But Tindle is adamant advertising will return to local papers as they are the best vehicle for local businesses.

“We have seen temporary falls [in advertising] before,” he said. “They last a year or two, then come back. They will come back to the local papers, I’m quite sure of that.

“Of course, we have to compete with the internet, but I recall when evening papers became the thing, everyone said that will be the end of the local, paid-for weekly.

“Then a few years later, free papers came in and everyone said the will be the end of the local, paid-for weekly.

“Then commercial radio came in. We all went to the government to protest. But I know the highest profit we have ever made, and the highest circulations we have ever had were in 2005, when all these competitors were going full blast.

“They [businesses] will return to newspapers. Most of their sales are local, and although we now have the internet to concern ourselves with, most of the sales are local.

“It means the estate agents, the car dealers, and people seeking employment will have a much better chance of achieving sales in the local paper that everyone reads.”

Fine words – but does everyone still read the local paper?

“I would be more concerned if we had seen a considerable fall in readership,” he said.

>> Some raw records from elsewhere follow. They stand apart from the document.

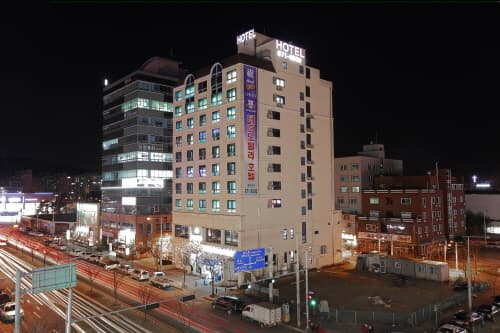 베니키아 테크노밸리 호텔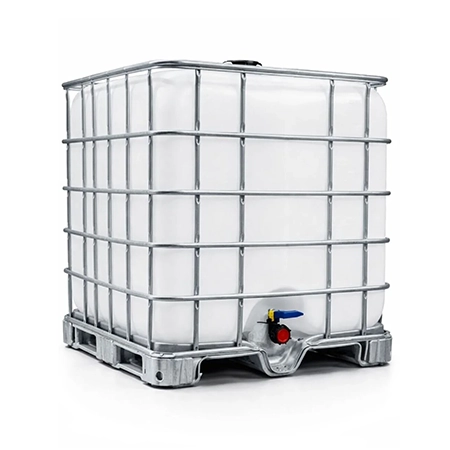 IBC TANK 1000 LT - SU DEPOSU - NAKLİYE DAHİL - Görsel 1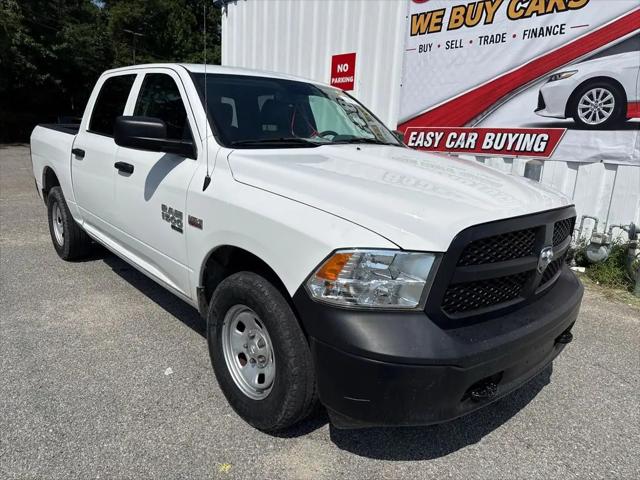 2020 Ram 1500 Tradesman Crew Cab 4x4 5'7" Box for sale in Summerville, SC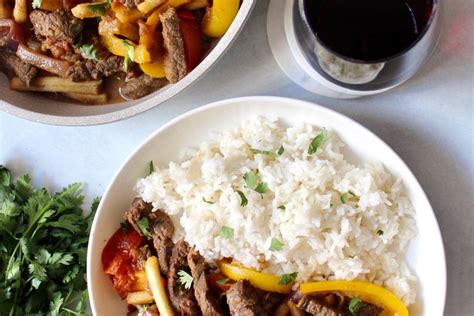 Lomo Saltado Recipe - For The Love Of Sazón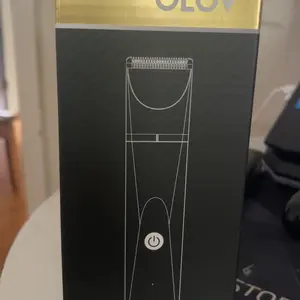 [FathersDayGift] OLOV Electric Body Hair Shaver -Groin Hair Trimmer, Private Ball Hair Trimmer for Men and Women - Replaceable Ceramic Head, USB Rechargeable, Waterproof Hygienic Shaver Safe and Fast Gift Cordless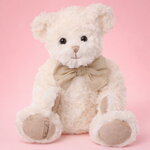 Мягкая игрушка Медвежонок Ноа 40 см, Barbara Bukowski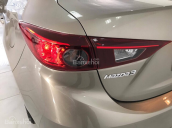 Cần bán lại xe Mazda 3 đời 2015 màu vàng cát, giá chỉ sinh viên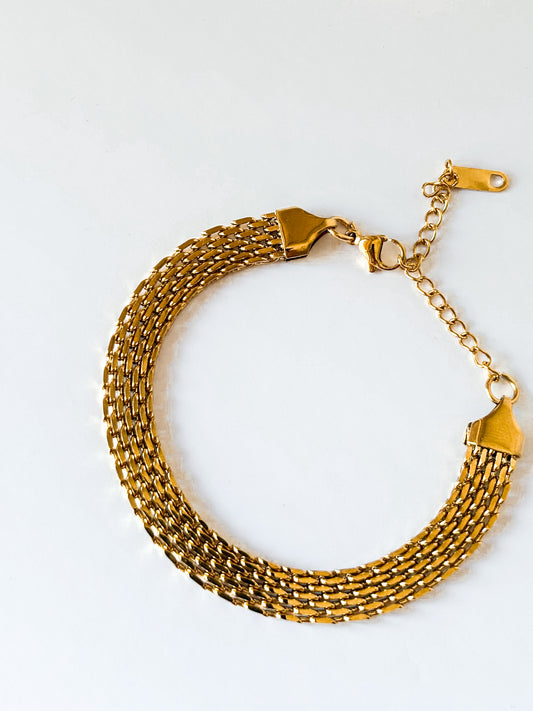 Pulseira Jaring
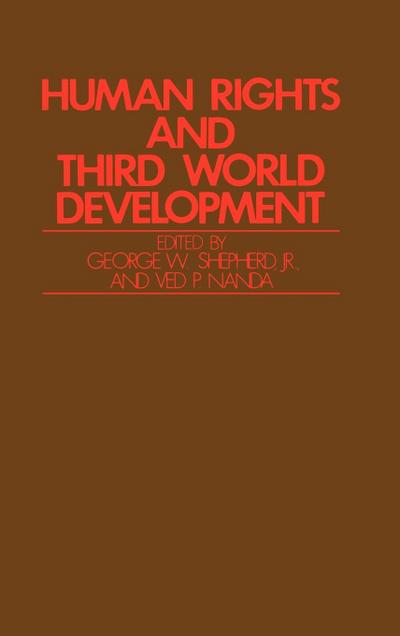 Human Rights and Third World Development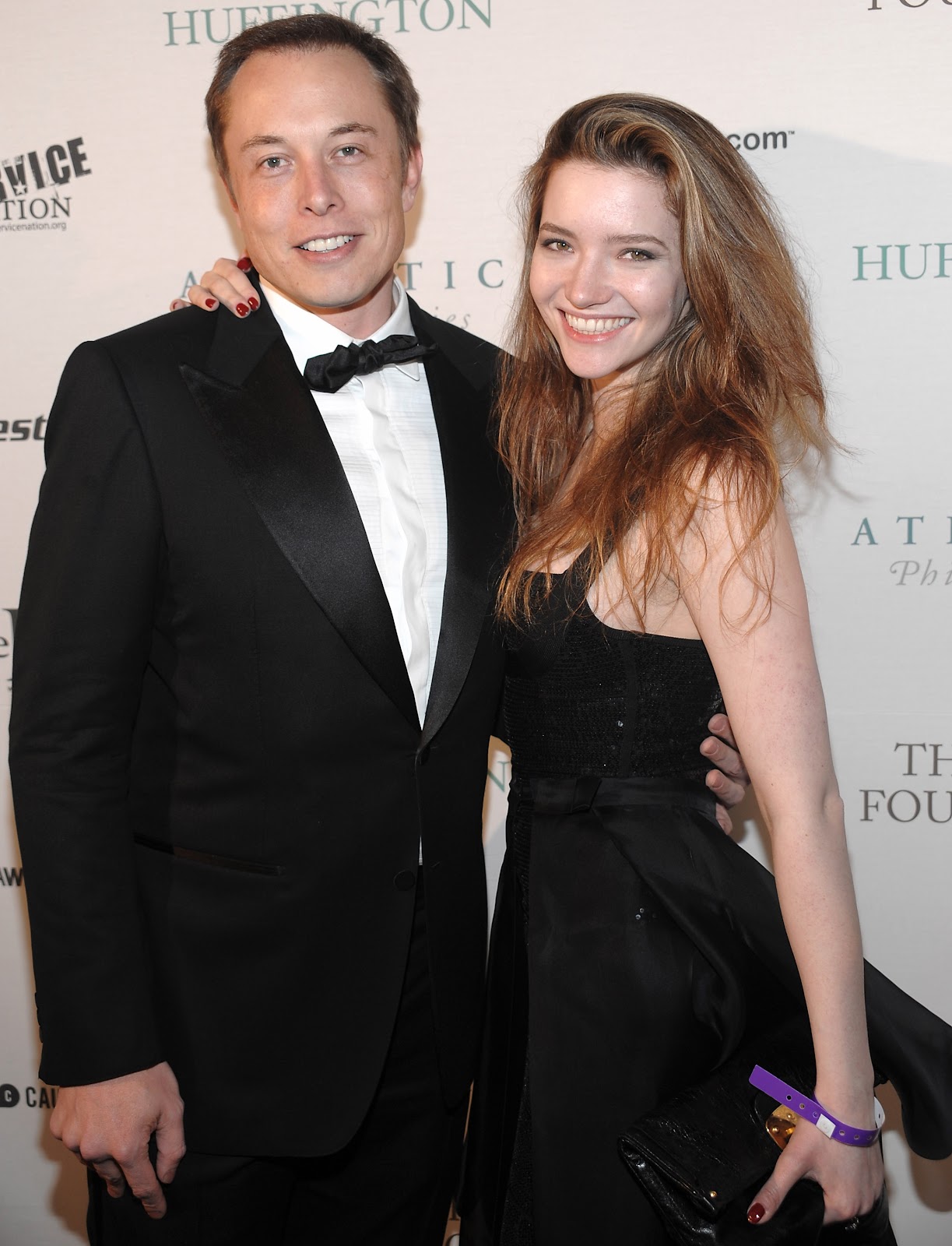 Meet Griffin Musk's Parents, Elon Musk and Justine Wilson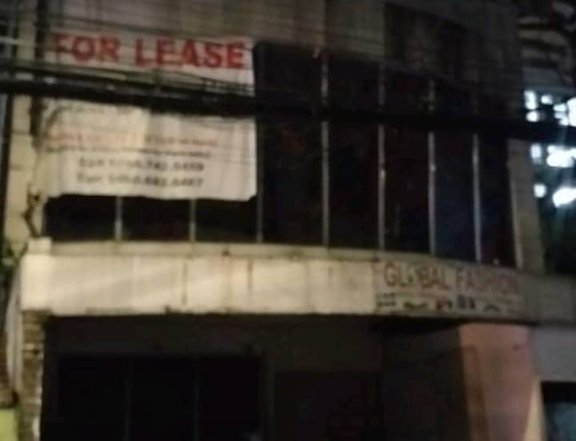 2 Storey Commercial Building for Lease in Ermita Manila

“But really, the decline isn’t considerable. Our papers are small-town papers – some of them are not declining at all.

“Some are up a little, some are down a little. When they’re down, we’re making that up by giving away free papers on the fringe. I would say the decline is not that serious.”

‘The revenue will come back’

Tindle said the last recession of this scale was in the late Eighties and early Nineties – and that was followed by a decade of growth.

“We suffered badly because the housing position was as bad as today. Jobs were very scarce – we had three million unemployed so there weren’t any jobs about,” he said.

“But then by the middle of the 1990s, through to the middle of this decade, was the best period ever.

“This [revenue fall] has been almost entirely down to the current recession, it will end, and most of the revenue will come back.

“We will beat the internet the way we have beaten free papers, and local commercial radio. If you want to take a small bet with me, I bet 10p we will be here flourishing in 61 years.”

This month, the company even received a paper from one of its National Union of Journalists chapels, explaining they would not seek a pay rise because of the ongoing revenue slump. That spirit, he said, will see the papers survive.

“I’m quite sure that all those laying off staff are very sad about it,” he said.

“Of course, we’re sad to read about it. We have managed to avoid that almost completely. The only major measure we have taken was a pay freeze, as almost everyone else has.”

Few, if any, newspapers owners have Tindle’s experience. He is adamant the problems are temporary, not permanent. He’s even willing to put more money on it.

“In every previous recession, it [revenue] has not only come back but gone higher,” he says.

“Local papers will cope in the future as they have in the past. My oldest local paper is 201 years old. Several are 150 years old, a lot more are 125 years old.

“I will lay that 10p that they will be there in a few years yet. I am very serious. I know local papers, and I know they will survive.”